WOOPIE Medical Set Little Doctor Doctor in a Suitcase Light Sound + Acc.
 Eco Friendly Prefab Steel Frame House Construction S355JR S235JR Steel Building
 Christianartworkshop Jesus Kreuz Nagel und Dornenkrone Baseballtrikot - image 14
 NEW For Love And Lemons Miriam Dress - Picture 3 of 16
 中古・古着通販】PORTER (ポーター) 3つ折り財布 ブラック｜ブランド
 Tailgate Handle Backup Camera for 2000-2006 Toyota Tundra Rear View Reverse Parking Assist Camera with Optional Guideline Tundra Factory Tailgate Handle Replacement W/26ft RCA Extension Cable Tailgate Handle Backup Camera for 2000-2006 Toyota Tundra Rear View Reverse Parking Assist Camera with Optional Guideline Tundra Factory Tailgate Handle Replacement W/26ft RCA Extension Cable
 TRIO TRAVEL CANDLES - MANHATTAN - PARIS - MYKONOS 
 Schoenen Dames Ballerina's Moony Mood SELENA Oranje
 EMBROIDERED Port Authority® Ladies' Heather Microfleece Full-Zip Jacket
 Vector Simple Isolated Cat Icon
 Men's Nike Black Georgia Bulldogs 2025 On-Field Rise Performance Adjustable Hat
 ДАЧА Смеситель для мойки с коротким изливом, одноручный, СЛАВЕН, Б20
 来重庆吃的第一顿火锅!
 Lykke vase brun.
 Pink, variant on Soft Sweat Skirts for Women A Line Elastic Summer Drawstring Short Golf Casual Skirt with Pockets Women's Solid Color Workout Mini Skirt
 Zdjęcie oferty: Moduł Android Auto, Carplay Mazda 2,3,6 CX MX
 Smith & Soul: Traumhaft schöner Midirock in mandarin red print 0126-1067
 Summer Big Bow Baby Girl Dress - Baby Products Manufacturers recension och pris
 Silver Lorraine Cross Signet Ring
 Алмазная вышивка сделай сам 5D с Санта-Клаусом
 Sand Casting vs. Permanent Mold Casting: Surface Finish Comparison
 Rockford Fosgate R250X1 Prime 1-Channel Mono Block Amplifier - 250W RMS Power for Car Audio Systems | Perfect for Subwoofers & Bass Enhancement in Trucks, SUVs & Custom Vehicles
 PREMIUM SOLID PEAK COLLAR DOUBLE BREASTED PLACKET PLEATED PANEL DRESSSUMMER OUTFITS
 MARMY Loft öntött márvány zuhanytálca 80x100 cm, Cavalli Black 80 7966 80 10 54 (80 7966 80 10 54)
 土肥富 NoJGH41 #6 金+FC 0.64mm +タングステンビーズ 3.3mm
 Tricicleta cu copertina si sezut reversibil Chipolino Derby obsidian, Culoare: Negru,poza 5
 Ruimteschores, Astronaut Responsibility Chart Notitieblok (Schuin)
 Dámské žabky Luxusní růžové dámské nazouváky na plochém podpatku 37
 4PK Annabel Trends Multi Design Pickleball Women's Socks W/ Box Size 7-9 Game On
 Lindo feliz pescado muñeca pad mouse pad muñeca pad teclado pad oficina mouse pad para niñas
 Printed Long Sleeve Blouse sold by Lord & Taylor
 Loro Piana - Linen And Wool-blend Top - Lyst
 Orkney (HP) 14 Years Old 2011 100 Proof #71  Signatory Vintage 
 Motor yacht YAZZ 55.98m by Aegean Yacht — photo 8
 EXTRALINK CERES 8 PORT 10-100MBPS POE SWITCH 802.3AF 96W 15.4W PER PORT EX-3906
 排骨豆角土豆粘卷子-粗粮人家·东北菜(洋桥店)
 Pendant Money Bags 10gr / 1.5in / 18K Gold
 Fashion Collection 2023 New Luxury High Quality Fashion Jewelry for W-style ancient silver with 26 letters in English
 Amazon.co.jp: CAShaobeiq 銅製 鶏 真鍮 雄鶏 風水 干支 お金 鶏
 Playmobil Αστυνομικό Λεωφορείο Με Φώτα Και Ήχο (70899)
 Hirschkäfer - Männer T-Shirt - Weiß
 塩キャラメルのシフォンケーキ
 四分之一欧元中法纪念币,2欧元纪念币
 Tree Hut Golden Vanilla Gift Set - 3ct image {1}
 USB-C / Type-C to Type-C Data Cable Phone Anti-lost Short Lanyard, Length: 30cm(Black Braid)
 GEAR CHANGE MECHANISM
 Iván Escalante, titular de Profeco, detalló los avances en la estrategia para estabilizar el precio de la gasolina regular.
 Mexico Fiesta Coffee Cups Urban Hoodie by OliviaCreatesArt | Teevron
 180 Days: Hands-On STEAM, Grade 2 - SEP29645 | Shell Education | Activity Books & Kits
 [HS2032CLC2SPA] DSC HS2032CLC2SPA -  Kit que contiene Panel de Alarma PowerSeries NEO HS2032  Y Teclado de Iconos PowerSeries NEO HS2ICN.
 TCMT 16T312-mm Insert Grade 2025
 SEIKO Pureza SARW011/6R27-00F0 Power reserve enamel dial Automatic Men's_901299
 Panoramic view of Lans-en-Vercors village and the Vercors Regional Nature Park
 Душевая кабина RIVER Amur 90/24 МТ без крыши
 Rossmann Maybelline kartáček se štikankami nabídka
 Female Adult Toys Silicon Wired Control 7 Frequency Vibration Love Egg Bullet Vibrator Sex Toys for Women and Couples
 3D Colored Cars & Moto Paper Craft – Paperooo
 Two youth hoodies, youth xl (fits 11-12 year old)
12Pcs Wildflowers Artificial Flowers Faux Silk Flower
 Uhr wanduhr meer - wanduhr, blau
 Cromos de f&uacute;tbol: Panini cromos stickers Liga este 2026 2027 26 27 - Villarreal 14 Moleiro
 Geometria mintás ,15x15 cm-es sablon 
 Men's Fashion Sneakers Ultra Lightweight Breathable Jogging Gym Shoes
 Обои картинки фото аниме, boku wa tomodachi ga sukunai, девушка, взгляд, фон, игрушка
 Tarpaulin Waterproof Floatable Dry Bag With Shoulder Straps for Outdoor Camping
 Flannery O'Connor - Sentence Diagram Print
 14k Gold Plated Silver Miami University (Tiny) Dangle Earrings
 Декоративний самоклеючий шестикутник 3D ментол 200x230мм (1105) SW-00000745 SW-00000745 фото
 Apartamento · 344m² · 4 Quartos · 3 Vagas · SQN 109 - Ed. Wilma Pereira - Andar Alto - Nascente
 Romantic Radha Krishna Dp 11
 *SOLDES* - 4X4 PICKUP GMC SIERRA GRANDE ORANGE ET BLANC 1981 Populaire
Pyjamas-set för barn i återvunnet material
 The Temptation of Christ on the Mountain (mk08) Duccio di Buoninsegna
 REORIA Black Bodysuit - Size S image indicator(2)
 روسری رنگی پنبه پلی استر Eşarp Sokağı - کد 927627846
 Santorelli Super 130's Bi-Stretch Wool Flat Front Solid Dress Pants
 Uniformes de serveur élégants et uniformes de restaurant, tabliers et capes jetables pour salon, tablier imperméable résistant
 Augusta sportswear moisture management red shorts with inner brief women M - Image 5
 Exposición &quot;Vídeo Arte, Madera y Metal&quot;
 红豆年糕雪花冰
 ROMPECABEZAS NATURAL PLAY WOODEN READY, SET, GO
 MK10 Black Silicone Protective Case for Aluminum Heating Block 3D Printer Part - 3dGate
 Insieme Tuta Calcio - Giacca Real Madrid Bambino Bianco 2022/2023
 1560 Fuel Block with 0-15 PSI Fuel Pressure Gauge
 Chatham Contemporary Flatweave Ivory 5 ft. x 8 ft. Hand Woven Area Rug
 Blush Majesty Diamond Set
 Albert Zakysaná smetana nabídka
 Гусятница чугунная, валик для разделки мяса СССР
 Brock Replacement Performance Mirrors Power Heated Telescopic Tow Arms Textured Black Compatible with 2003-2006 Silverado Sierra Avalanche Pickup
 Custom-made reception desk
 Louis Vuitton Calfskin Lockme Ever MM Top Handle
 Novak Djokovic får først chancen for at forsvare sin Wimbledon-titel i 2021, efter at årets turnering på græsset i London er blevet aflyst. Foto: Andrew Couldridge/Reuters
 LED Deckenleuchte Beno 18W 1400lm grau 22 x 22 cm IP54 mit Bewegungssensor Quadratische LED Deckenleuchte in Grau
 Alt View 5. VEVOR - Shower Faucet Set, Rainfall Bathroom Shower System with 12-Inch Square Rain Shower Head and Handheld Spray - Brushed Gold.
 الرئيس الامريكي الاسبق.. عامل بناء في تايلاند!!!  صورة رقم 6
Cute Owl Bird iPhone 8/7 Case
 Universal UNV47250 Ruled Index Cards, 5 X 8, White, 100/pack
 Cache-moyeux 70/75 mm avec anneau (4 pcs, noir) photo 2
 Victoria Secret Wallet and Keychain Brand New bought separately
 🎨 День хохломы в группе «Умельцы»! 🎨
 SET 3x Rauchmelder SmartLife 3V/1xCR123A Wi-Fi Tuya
══════
## Problem statement
Could you find every line in the records above that contains the word "Custom" and copy it?

## Answer space
 Rockford Fosgate R250X1 Prime 1-Channel Mono Block Amplifier - 250W RMS Power for Car Audio Systems | Perfect for Subwoofers & Bass Enhancement in Trucks, SUVs & Custom Vehicles
 Custom-made reception desk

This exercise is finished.